Trente ans de grossièretés!

Depuis maintenant 30 ans, la tournée annuelle de Bad Manners a acquis une certaine notoriété durant les Fêtes, mais pas toujours de façon noble et pieuse.

En effet, le Knees Up Tour est l'occasion pour le groupe de Buster Blood d'étaler sottises par-dessus sottises, d'une scène à l'autre. Pour le trentième anniversaire, Buster promet un spectacle abrasif avec la participation de bons copains et d'invités spéciaux: Ça va être une tournée dont il faudra se rappeler!

La genèse de Bad Manners

Formé en 1976 par des amis d'école qui vivaient à Londres, le groupe Bad Manners est rapidement devenu une institution britannique. Le noyau du groupe s'est uni au milieu des années soixante-dix à l'école Woodberry Down Comprehensive, dans l'arrondissement de Stoke Newington, à Londres.

La musique qui a influencé le son de Bad Manners

Le groupe a puisé ses sources d'inspiration dans la musique jump and jive des années quarante et cinquante. Des artistes comme Louis JordanCaldonia») et Napoleon BrownDon't Be Angry») furent aussi importants que les grands compositeurs tels que Offenbach pour aider les gars à atteindre le sommet des palmarès en 1981 («Can Can»). Une collection de disques incluant le travail des maîtres américains du blues, dont Sonny Boy Williamson II et The J Geils Band, a eu une influence sur le jeu d'harmonica d'Alan Sayagg ainsi que sur le son d'ensemble de Bad Manners.

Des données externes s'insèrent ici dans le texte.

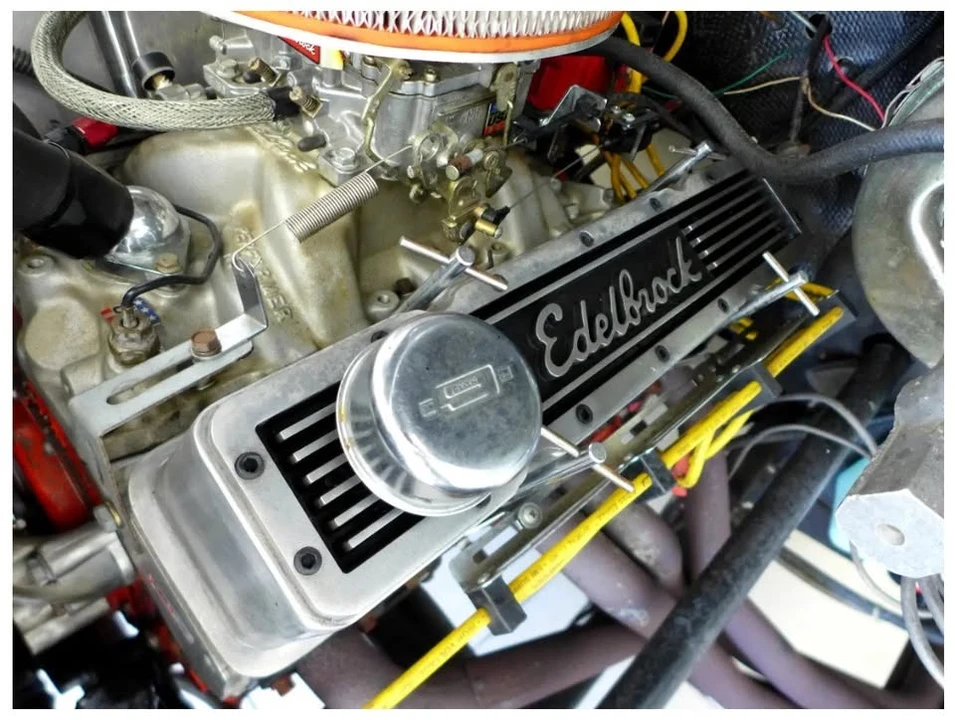 1974 Jeep Wrangler - Image 11 of 14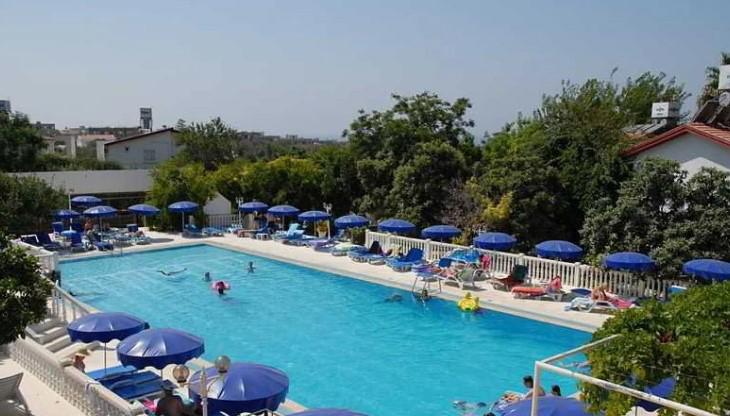 Pitoresk Holiday Village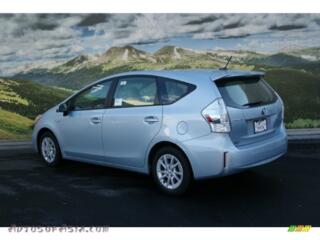 Такси Аренда Toyota Prius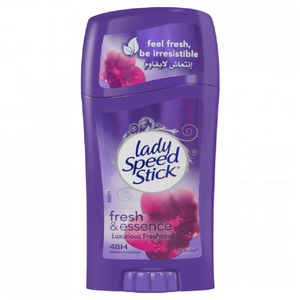 Lady Speed Stick Luxurious Freshness 65G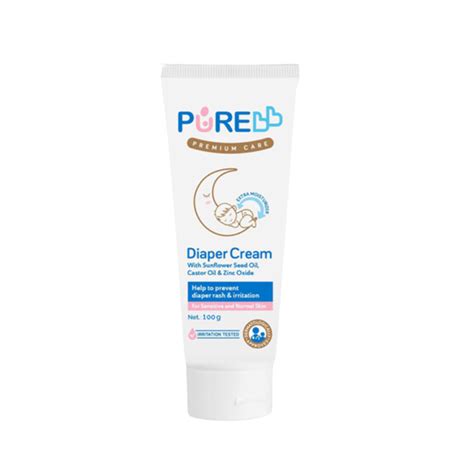 Diaper Cream - Bali Direct - Bali's Online Whole Foods Store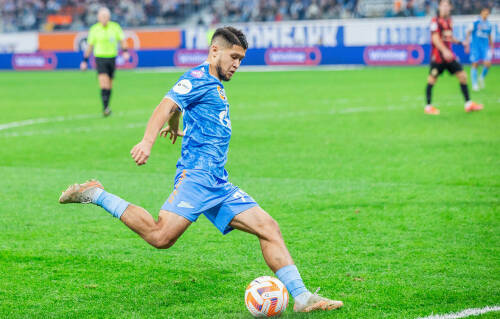 Зачах в «Зените», бежит в «Крылья» спасать карьеру: почему Самара идеальна для Ахметова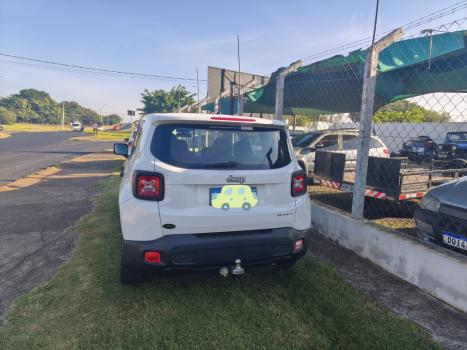 JEEP Renegade 1.8 16V 4P FLEX SPORT AUTOM�TICO, Foto 3
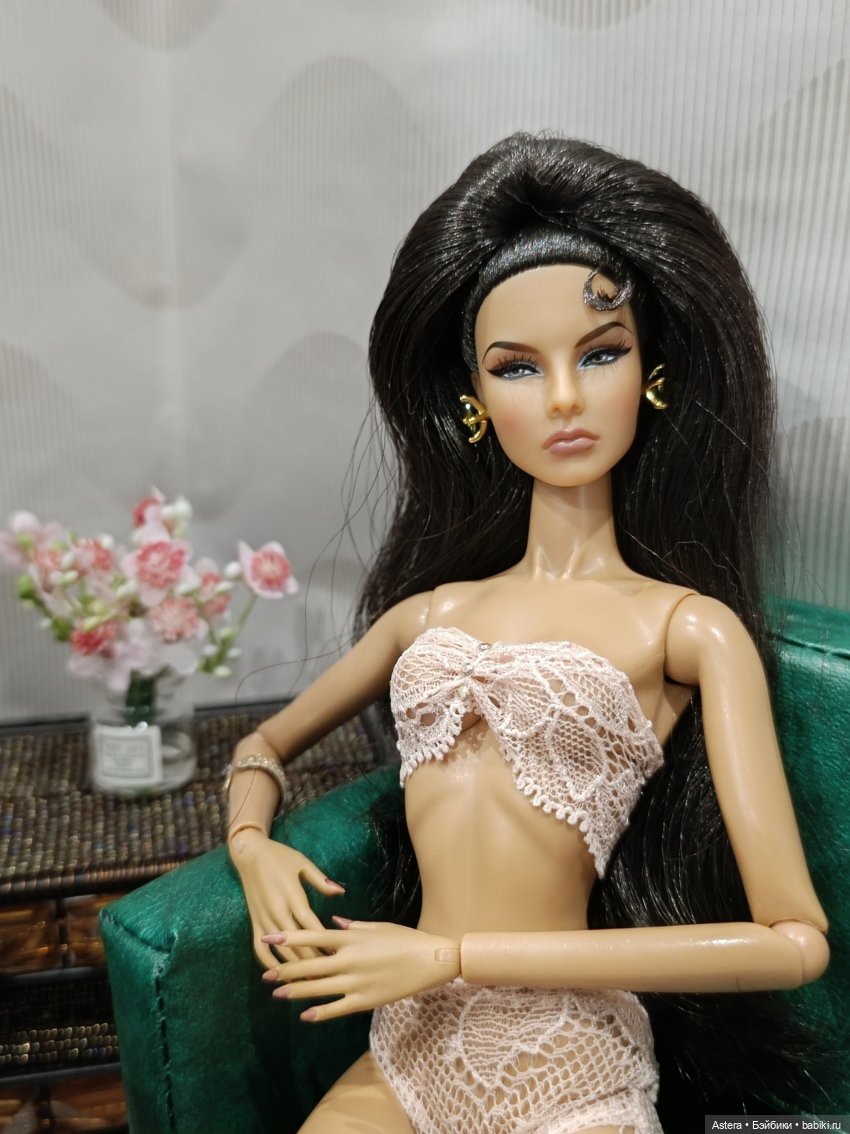 Прекрасная Лора Линн — Куклы Integrity Toys (Интегрити): Poppy Parker (фото 2)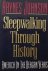Johnson, Haynes. - Sleepwalking through History. America in the Reagan Years.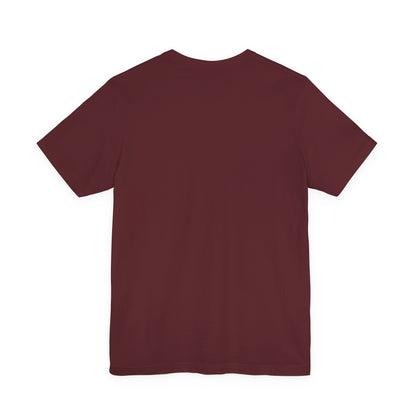 Madeira Stairway to Heaven Scenic Tee - Mountain Landscape Travel T-Shirt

Les soirées bénéfices et les mauvaises manières

Vers la fin des années soixante-dix, le groupe apporte le son unique de sa musique dans les bars et les clubs de Londres. Des endroits comme le Green Man furent témoins des premiers spectacles de Bad Manners et de l'invasion d'un étrange culte en concert parmi ses admirateurs. La connotation d'impolitesse et de grossièreté a commencé a attiré des spectateurs qui furent exposés à des gestes indécents. Les incidents se sont multipliés sur scène…

Les méthodes douteuses de financement jouaient aussi en faveur de la réputation de Bad Manners… À une soirée organisée pour venir en aide aux enfants déshérités de Hackney, les membres du groupe ont remercié tout le monde pour leur générosité à la fin du spectacle avant d'annoncer que c'étaient eux, les enfants déshérités de Hackney. Ils ont quitté. Rapidement.

Un groupe gargantuesque est né…

En 1979, le spectacle de Bad Manners est rodé et une horde d'admirateurs suit le groupe lorsqu'il se produit au Nord et à l'Est de Londres. L'orchestre de neuf musiciens, avec au microphone l'énorme, l'atroce et monstrueux Buster Bloodvessel, foule les scènes avec au menu l'insanité charnelle dont se régale le public encore aujourd'hui, à la différence que les frasques du groupe sont maintenant renommées et accueillies à travers le continent et outre-mer.

L'engouement autour de leurs tout premiers spectacles dans les pubs et les clubs a suscité suffisamment d'intérêt dans le milieu pour leur permettre de signer avec Magnet Records un contrat avant même d'enregistrer un ruban démo. Le groupe parvient à créer un mélange unique de ska, de blues et de boogie commercialisé sous l'appellation Ska'N'B, qui est devenu le titre du premier album de Bad Manners en 1980.

Une foule d'énormités grotesques

Entre 1980 et 1983, Bad Manners passe 111 semaines dans les palmarès de musique populaire et obtient quinze succès. La longévité du groupe dans les palmarès est supérieure à celle de Little Richard, Fats Domino, The Moody Blues, Culture Club et Frankie Goes to Hollywood.

Les succès de Bad Manners ont pour titre «Ne-Ne-Na-Na-Na-Na-Nu-Nu», «Lip Up Fatty», «Special Brew», «Lorraine», «Just a Feeling», «Can-Can», «Walking in the Sunshine», etc. Chacun des extraits est accompagné d'une prestation scandaleuse à l'émission Top of the Pops, qui permet à Buster et ses potes de se faire aimer du public de la Grande-Bretagne.

Cependant, ceux qui ont vu le groupe en concert savent que Bad Manners est loin d'un simple poulain créé pour chevaucher les palmarès. Ils savent que Bad Manners est incroyable sur scène et que le groupe a acquis un statut colossal mérité, faisant l'objet d'une sorte de culte qui transcende tout ce que le moins charitable des critiques oserait rédiger.

Un monde de farces et attrapes, de ruses et astuces, d'andouilles, de petits voyous, de chauves, de cirque… Une véritable exhibition de foire franchement vulgaire. Le groupe sait comment maltraiter son public avec enthousiasme et dynamisme!